The Israeli Securities Authority (ISA) internal committee tasked with investigating cryptocurrencies, including ICOs, published its interim report on Sunday.
Tokens “Not Traditional Securities”
The primary objective of the research, which began in August last year, was to determine if, or how, Israel’s securities laws should be applied to companies issuing blockchain-based tokens.
The report distinguished between various kinds of digital currencies and recommended categorising tokens on a case-by-case basis.
In particular, it stated that tokens designed to serve solely as a means of payment or exchange, and that do not confer additional rights, should not be considered securities.
While there was some ambiguity in the wording, it implied that in many cases ICOs are not issuing securities in the traditional sense.

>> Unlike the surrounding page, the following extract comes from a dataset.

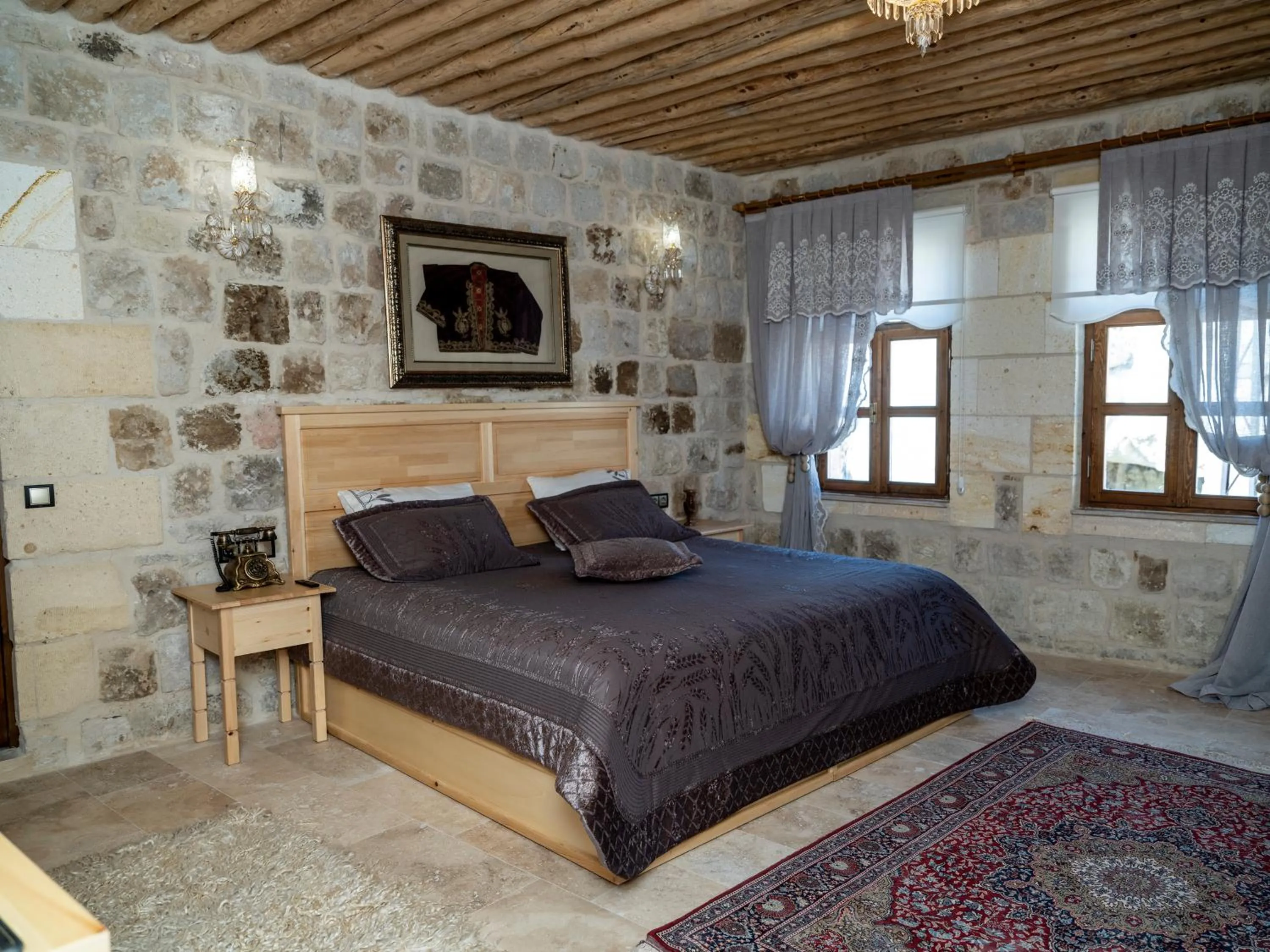 Massage in Elika Cave Suites & Spa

The report also recognised the contribution that the blockchain industry could make to the world of finance and to Israel’s economy.
It went on to acknowledge that, because the sector is evolving rapidly, the committee’s recommendations could become outdated quickly.
Last week the Chairwoman of the ISA, Anat Guetta, suggested that the authority was planning to offer blockchain start-ups a regulatory ‘sandbox’ to allow them to test their ideas.
This means that, until a start-up reaches a certain critical mass, it would be able to operate in a relaxed regulatory environment. This environment would be available to all fin-tech start-ups, whether they used distributed ledgers or not.
Israel is fast becoming a major player in the global tech sector, not least because it focusses on finding ways to attract entrepreneurs and investors. Given its proactive approach to fintech and DLT regulation, it may find itself becoming a major hub for the crypto industry too.